Your First Rifle – This is the One
By Geoffrey Norman
PlannedMan

Beer cans and bunnies attacking the front porch at night? Get yourself the top-of-the-line critter-killer, the Ruger 10/22.

Your First Rifle – This is the One

Highlights


With the 10/22, there is also that ineffable thing that some firearms have and many others just don’t. Everything about it just seems to work.

With earlier .22's clearing a jam was a nuisance.  And, possibly, dangerous.

Bill Ruger was not just a business exec whose business was guns, he was, consummately, a gun guy.

“… I really think we have been successful... from a technical point of view, the new 10/22 is one of the best things we have done.”

Nothing against the AR 15 – own one, myself – but if you are new to guns, as many people are these days, you might want to start with something a little less formidable.  Something easy to handle and shoot and for which the ammunition is inexpensive.

That would be the Ruger 10/22 of which some 7 million have been made.

The gun is lightweight.  Depending on the grade it can weigh as little as four-and-a-half pounds.  Since it shoots .22 rimfire ammunition, there is virtually no recoil and it is relatively quiet.

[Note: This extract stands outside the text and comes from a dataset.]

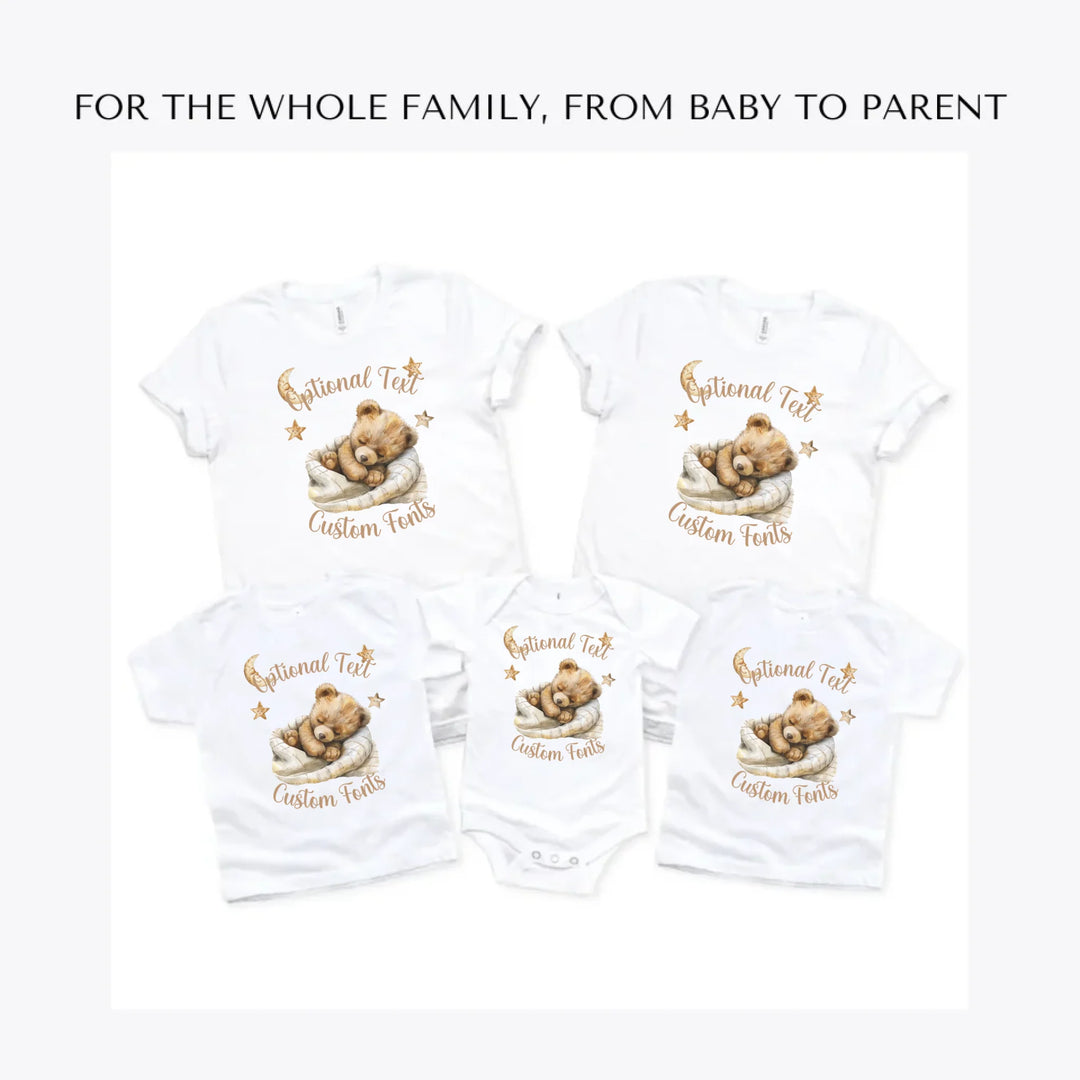 Brown-Teddy-Bear-Sleeping-on-Blanket-custom-t-shirts-adult-youth-toddler-baby-sizes-artfulane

You can practice with your 10/22 all afternoon without blowing a big hole in the credit card.

And you can practice with your 10/22 all afternoon, down at the range or at some remote, place out in the woods, and without blowing a big hole in the credit card.  A 500-round brick of .22 long rifle runs around $55 at Brownell’s.  The same quantity of .223 ammunition for an AR-15 goes for $400.

But that’s just grubby finance. With the 10/22, there is also that other, ineffable thing, that some firearms have while many others don’t.  Call it engineering, though that doesn’t quite get the 10/22’s marriage of form and function and the way everything about it just seems to work.


 

There were other .22 auto-loaders before the advent of the 10/22, in 1964, guns that ejected the spent casing after a shot is fired and automatically chambered another round, freeing the shooter from having to operate a bolt, slide, or lever before he could shoot again.

But before the 10/22, there were no .22 autoloaders that really worked, since there was a jamming problem — a result of earlier .22 semi-automatics using what was called a “box magazine.”  This required stacks of .22 rounds and the bolt would often pick up two rounds – or none – during a firing cycle.  Clearing a jam was a nuisance.  And possibly dangerous.

Then came Bill Ruger, who was to his time what John Moses Browning was to his.  That is to say, he was fascinated by guns and the way they worked and was, therefore, challenged, constantly, to make them better.  But where Browning’s genius was almost exclusively for design – he left the manufacturing to others – Ruger got into building the guns and came up with some revolutionary industrial techniques, the most notable of which was the development of investment casting, a lost-wax process.  He had an instinctive sense of what would appeal to American shooters and he delivered.

In the period after World War II, when Ruger was building his company and his brand, the great American gun companies were run by business people who were more interested in numbers than the nature and appeal of their product.  They didn’t love guns.  When the weekend rolled around, most of them would sooner be out on the golf course than down at the range or out in the woods.

But Bill Ruger was not just a business exec whose business was guns, he was, consummately, a gun guy. He made guns that he liked and he solved problems that intrigued him.  With the 10/22, he solved the jamming problem by designing an ingenious rotary magazine.  The shooter could take his 10/22 – along with several spare mags – out to the range and just shoot and shoot without having to stop and clear a jam.  You got tired before the gun did.

The 10/22 was an instant hit, as Ruger knew it would be. “I hope you are going to be somewhat intrigued by our efforts to make a .22 rifle which avoids all the usual banalities,” he wrote in an understated letter to Outdoor Life’s legendary arms and ammunition editor, Jack O’Conner,  shortly before the gun’s introduction. “I really think we have been successful in this and from a technical point of view, the new 10/22 is one of the best things we have done.”

His gun was more than sufficient to satisfy the tastes of the day with a walnut stock, iron sights and familiar lines — plain vanilla — and over the years Ruger offered buyers new models with synthetic stocks and features that make it possible to mount a scope or, even, on the “tactical” model, a suppressor.  The aftermarket has made it possible to just about build your own 10/22 from scratch. You can configure your 10/22 into a gun that looks exactly like an AR-15. The gun practically begs the owner to become an amateur gunsmith and at the very least, spend a lot of time taking care of it, disassembly and cleaning being easy and almost as much fun as shooting the thing.

Though never a collectible — the price today carries the same dollar value as in 1964 — fifty or so bucks then, around $400 today — the 10/22  has always been a bargain. And, more to the point, in the universe of firearms you won’t find any gun at any price more highly appreciated.